Por Ana Belén Guizar Pérez
Fotos: Eréndida Negrete
“Ai tes o meu corazón,
Si o queres matar ben podes,
Pero como estás ti dentro,
Tamén si ti o matas, morres”.
– Rosalía de Castro
La cama estaba hecha un desmadre. La abuela toma el último sorbo de la Coca Cola tibia de las siete de la tarde. Su nieta, apoyada en los codos, la veía con ganas de que le contara una historia indecente.
La señora tomó un cigarro, lo prendió y después del primer golpe tosió. Se limitó a decir: “Tu abuelo y yo fuimos novios cuatro años por carta. Eso sí era amor, no las chingaderas que tienen ahorita”.
La nieta se reía como si supiera que lo que le iba a contar sería algo absurdo y su abuela hablaba con un tono de sabiduría, y no porque lo fuera, más bien estaba segura. Creía en lo que expresaba. Yolanda, de unos 68 años, lanzó una apuesta antes de empezar la narración. Le prometió a la joven que no la iba a convencer de nada, solamente de que “en sus tiempos los jóvenes tenían huevos”.
Yoyiña, como le apodaban, había conocido a Camilo en un baile de pueblo en Galicia, al norte de España. Era el año de 1959. Ella tenía 14 años y él 17. Él usaba pantalones vaqueros y ella estaba presa en un vestido de seda que complacía a su madre. Unos kilos de más la convertían en objeto de burla de sus tres hermanas y, por su parte, Camilo era la causa de todas las penas de su padre, el alcalde de la entidad de Puente Caldelas.
Pasaron un verano juntos. Él quería ser piloto y ella estudiar Filosofía y Letras. En resumidas cuentas, ninguno de los dos quería tener los pies sobre la tierra. Terminó el sol en Galicia y Yolanda volvió a México. Ella cuenta que al despedirse lloró por dejarlo y por regresar a la escuela en América, donde no hacían más que llamarla “gachupina”. Camilo se fue a Alemania a probar suerte, a buscar su independencia.

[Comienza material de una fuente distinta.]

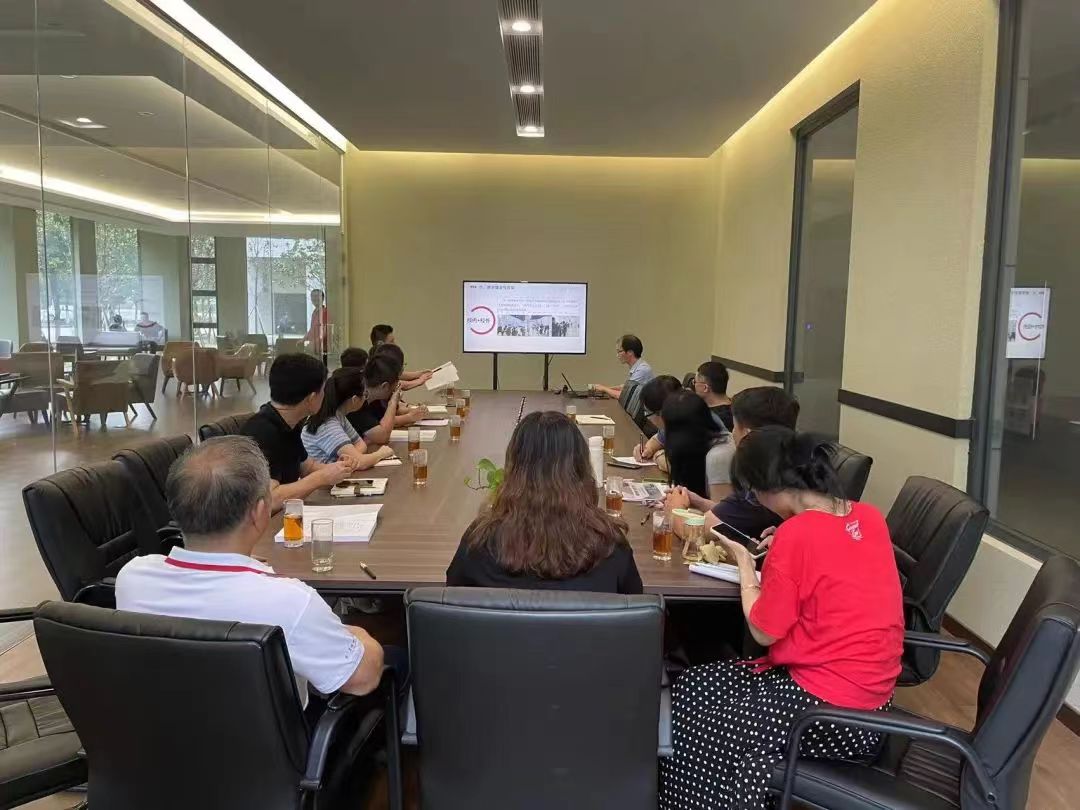 “聚焦专业，共研互进”应用科学与工程学院开展教师“说专业”活动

Se escribieron desde entonces. Se quisieron desde el baile. Se prometieron sin decirlo. “Nos mentíamos mucho”, menciona la abuela. Pero le asegura a su nieta que así son todas las relaciones. Yolis salió con ricos, pobres, flacos, gordos, jóvenes, viejos… hasta con un primo. En nadie encontraba nada. A todos “los hacía pendejos”.
Camilo “era un cascabel”. Se ligó a todas las alemanas, a todas las brasileñas, a las cubanas, a todas menos a las españolas porque decía que “estaban muy vistas”. Sin embargo, las cartas eran como un ritual religioso, nunca dejo de escribirle. Y ella nunca dejó de impresionarlo, de retarlo.
No es una historia de Nicholas Sparks. No los separó la guerra, ni las clases sociales y mucho menos algún problema mental. Los separaba el tiempo, la distancia, el mar, la decisión. Los distanciaba físicamente, pero mentalmente estuvieron siempre unidos.
Su nieta pone cara de tedio. Quizás esté suplicando en sus adentros no tener que vivir un amor tan difícil, tan ausente. Entonces le pregunta:
–¿Cómo podías, no lo extrañabas?
–Pues claro que sí. Pero yo sabía que había que aguantar un poco para construir algo en un futuro.
En las paredes retumbaban los miedos de la adolescente. Ya no tenía cara de irreverente. Tenía pánico. Parecía que la palabra “ausente” se le había quedado retumbando en las orejas. Veía a su abuela con cara de admiración, sabía que era una mujer fuerte.
La señora Yolanda se río un poco. Sonó a una pequeña carcajada que atrapaba un “te lo dije”. Recitaba uno por uno los poemas de Rosalía de Castro, todos en gallego. Todos con melancolía. Todos perdidamente enamorada.
“Por eso no me vengas a decir que el amor no existe. Cuatro años de cartas. 50 años de matrimonio. Todas las noches juntos. Todos los días agradeciendo despertar y verle la cara… aunque a veces me saque de quicio”.